Previously described by Golini , but consisting of a glass vessel and liquid acid to mimic the acidic environment of the stomach, creatine or Kre-Alkalyn was first added to water as described above and then added to the acid and pH was assessed over time.
Creatine and Kre-alkalyn solutions were tested for changes in pH using a standard calibrated pH meter (ATLAS Bioscience; Tuscon, AZ). Three solutions were added to Kre-Alkalyn; hydrochloric acid (0.1 ml-1M), sodium hydrogencarbonate/sodium carbonate (11.7/ 13.7 (ml-1M)), and ethanolamine/ethanolamine hydrochloride (18.6/ 6.3 (ml-1M)).
The shelf stability of Kre-Alkalyn is conserved during both real-time and accelerated testing of creatine to creatinine conversion. Only during the accelerated stability test was there a small indication of creatine to creatinine conversion at 0.055 after 150 days, the equivalent to 5 years of real time, and 0.1% after 180 days, the equivalent to 6 years of realtime. It has been established that creatine breakdown is a function of pH . Using a systematic mock-up of a stomacher, described above, it was shown that Kre-Alkalyn maintained a significantly higher pH than traditional creatine, in three separate reagents tested. A slow decline from highly basic pH (12) to neutral pH (7) after 45 minutes with Kre- Alkalyn in a 0.1 M HCl solution was observed. Even with the addition of hydrogencarbonate/sodium carbonate or ethanolamine/ethanolamine hydrochloride, commonly used biopharmaceutical buffers, which increased the rate of pH reduction, Kre-Alkalyn maintained higher pH levels than traditional creatine?

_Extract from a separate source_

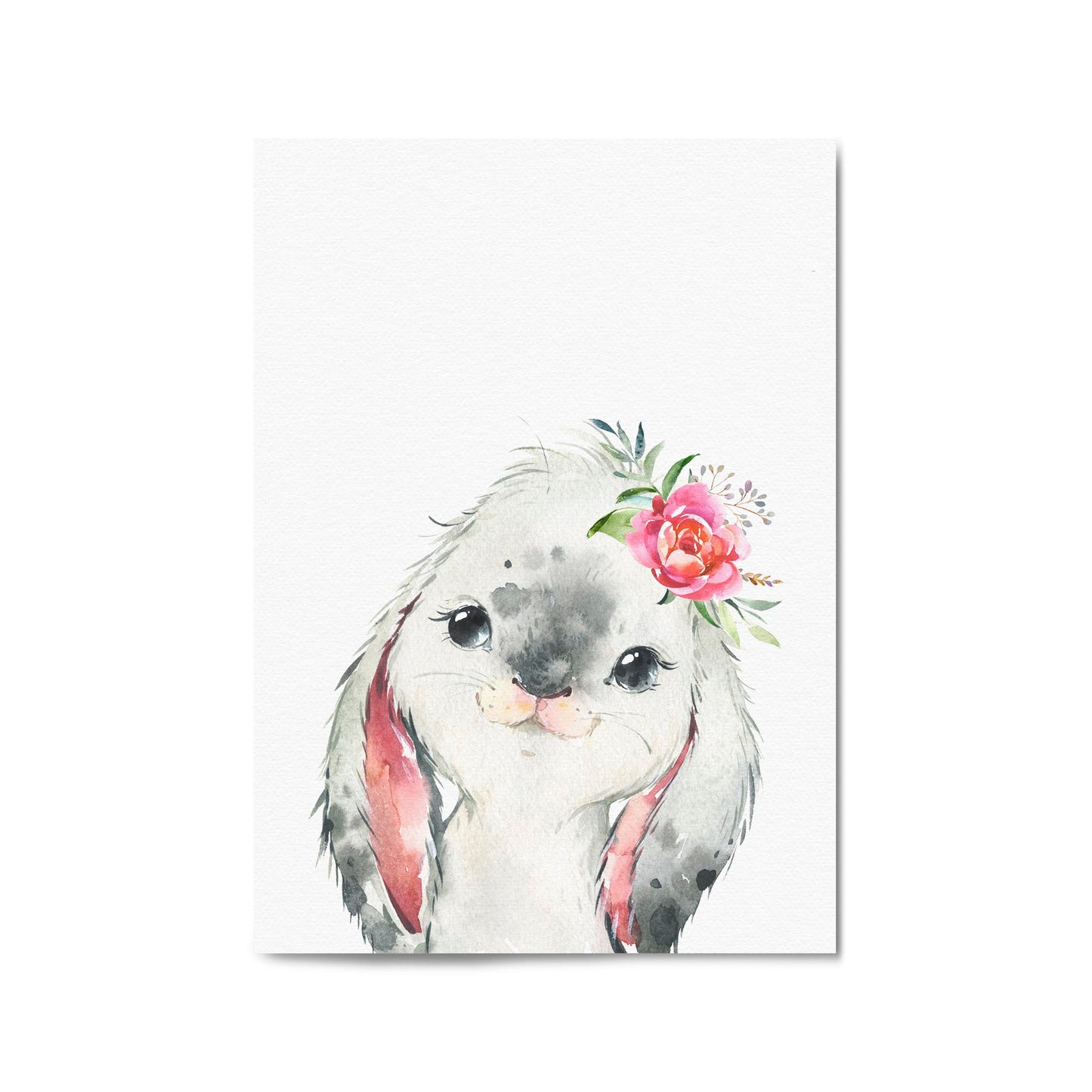 Cute Baby Bunny Rabbit Nursery Animal Wall Art - The Affordable Art Company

It has previously been reported that the commercially available sodium bicarbonate buffered creatine, Kre-Alkalyn, may provide cytoprotective properties, above and beyond traditional creatine, when used in the presence of cytotoxic agents such as those used during chemotherapy . In this report, Kre-Alkalyn, was assessed for soluble stability during both a real-time (1 year) and accelerated (6 year) trial. During these trials only a small fraction of Kre-Alkalyn was converted into creatinine at the end of the accelerated 6 year trial. A much higher rate of degradation was observed with traditional creatine in similar trials [15,16].
Furthermore, the conversion of creatine to creatinine has been directly linked in vivo to changes in pH. As such, stability under acidic conditions, reminiscent to the stomach, were conducted with traditional and buffered Kre-Alkalyn. The results of these tests suggested that the pH buffering capacity of Kre-Alkalyn will maintain a much higher pH in an acidic environment than traditional creatine, even in the presences of additional acid buffering reagents. First water solubilized Kre-Alkalyn was examined in the presence of HCl and only slowly declined to a neutral pH after a period of 45 minutes, ample time for the creatine contained in the supplement to leave the stomach and enter the blood-stream. Second, when tested in the presence of acidifying buffers, Kre-Alkalyn maintained a significantly higher pH over 45 a minute period then traditional creatine in a normal HCl solution.
The findings of this report suggest that Kre-Alkalyn maintains its stability when mixed with water over a significant time frame and should provide a sustained basic pH in the acidic environment of the stomach necessary for reducing creatine to creatinine conversion. Thus, based on the stability profiles presented, Kre-Alkalyn should provide superior availability in vivo to traditional creatine commonly used in sports supplements.